新型コロナウイルスの世界的な流行は、お葬式の形すらも変えました。重症患者は最期のお別れも言えないまま、しかもすぐに火葬場へ搬送されてしまう……という噂もあり、不安はつのるばかりです。 もしも自分の家族が感染によって死亡したら、遺体は火葬できるのでしょうか。「拾骨」(お骨上げ)が可能かも合わせて解説いたします。
厚生労働省と経済産業省が発表した「新型コロナウイルス感染症により亡くなられた方及びその疑いがある方の処置、搬送、葬儀、火葬等に関するガイドライン」によると、ご遺体の火葬は24時間以内に行うことが可能とされていますが、義務ではありません。お通夜やお葬式も行えます。
皆さんご存知のように、新型コロナウイルスの主な感染経路は咳やくしゃみ、唾などによる「飛沫感染」と、ウイルスのついた手でモノや人に触れて広がる「接触感染」の2種類です。
ご遺体は飛沫を飛ばすことはないので、最大限注意を払わなければいけないのは接触感染のみです。特に医療関係者や葬儀関係者は、適切な納棺がなされるまで、個人防護具(マスクや手袋、ガウンなど)を着用し、目や鼻を守る必要があります。

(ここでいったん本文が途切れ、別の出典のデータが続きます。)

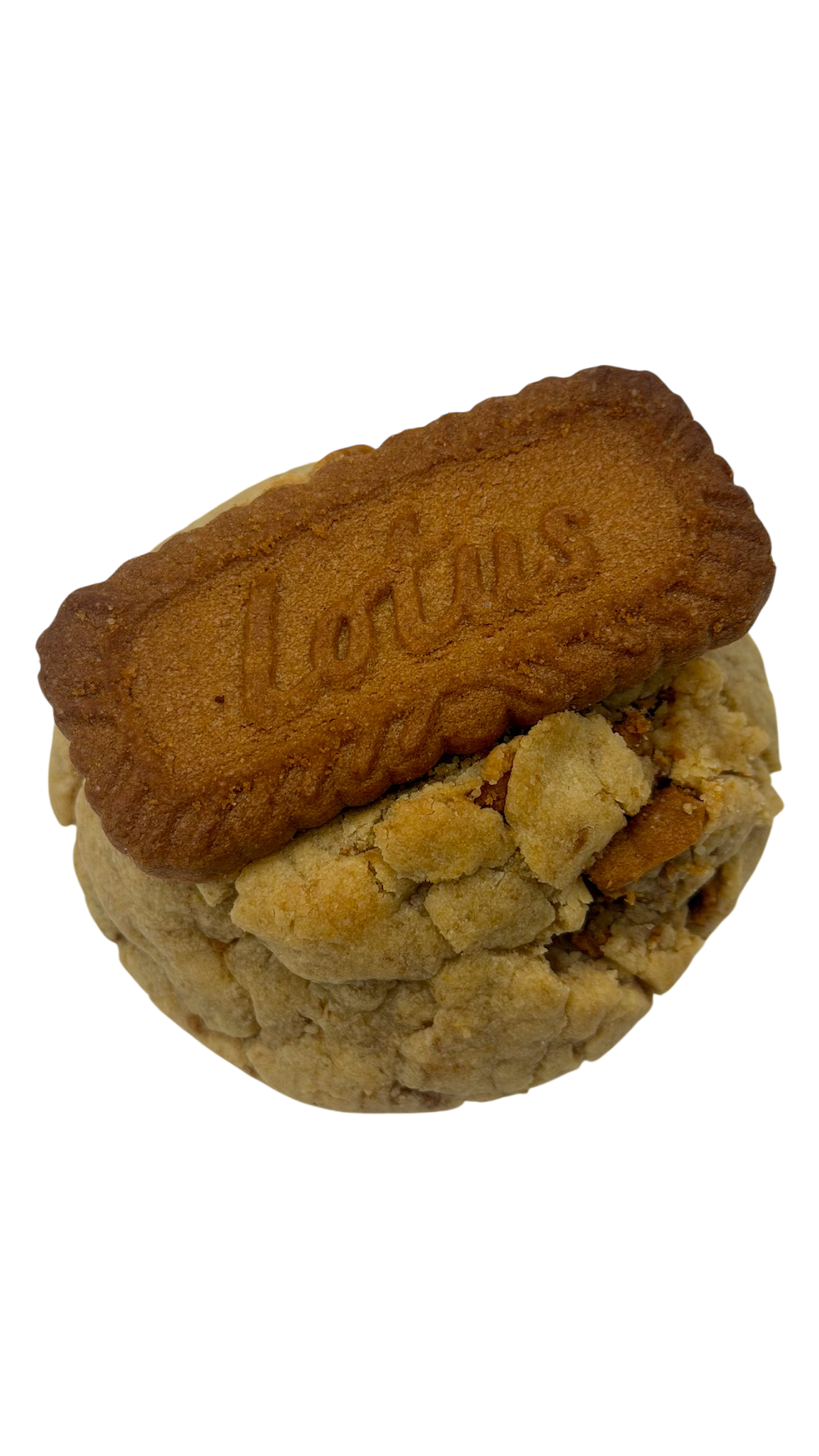 PROTEIN BISCOFF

感染予防対策への取り組みは、葬儀業者によって施設の規模などの関係で異るので、予め事前確認してください。
納棺されるまでご遺体と遺族がともに過ごすことはよくあります。しかし、新型コロナウイルスによる死亡の場合、それは叶いません。医療従事者と葬儀関係者によって、「非透過性納体袋」に適切に収納された状態での対面となります。
密封された寝袋のようなもので、棺にもこの袋ごと納めることになります。顔の部分が透明になっているので、ご遺体との対面は可能です。
この処置が適正に行われていて直接触れさえしなければ、ご遺体からの感染リスクはほぼないといえるでしょう。
濃厚接触者の方は、発症のリスクがあります。厚生労働省と経済産業省が発表したガイドラインによると、症状がある場合は対面での打ち合わせ、葬儀や火葬などに出席することはご遠慮いただき、オンラインなどを活用することが望ましいとされています。
無症状の場合も同様ですが、PCR検査の結果次第では、対策を徹底すれば参列も検討できるとガイドラインでは定められています。
火葬場が1日1組のみの受付、火葬を夕方以降に限定するなど、独自の対策を行っているケースがあります。都道府県や会場によって対応は様々です。必ず確認しておきましょう。
また、火葬を待つ間、待合室などが使えないといった通常とは異なるケースがあります。万が一の被害拡大や混乱を防ぐため、遺族や参列者は事業者の指示にきちんと従うことが重要です。
ご遺体の火葬後について多くの方から事前にお問い合わせがあります。「拾骨」、俗にお骨上げ(拾い)と呼ばれる、遺族や親族の手で骨壷に納める儀式があります。こちらも通常通りに執り行うことが可能です。
100℃を超える温度にさらされた新型コロナウイルスは「失活」(反応を起こさなくなること)しますので、遺骨から感染することはありません。よって拾骨は行えますが、マスクや距離、換気など、遺族・参列者間の感染症予防対策は引き続き最大限怠らないようにしてください。
たとえ死亡原因が新型コロナウイルスだったとしても、きちんと対策をすれば最期のお見送りを行うことは可能です。感染の心配をせずに、火葬まで無事に終われるのが一番です。大切なのは、ガイドラインと事業者の指示に遺族や参列者が従うことです。
コロナ禍はまだ続きそうなご時世。心残りのないお別れとなるよう、正しい知識を身につけましょう。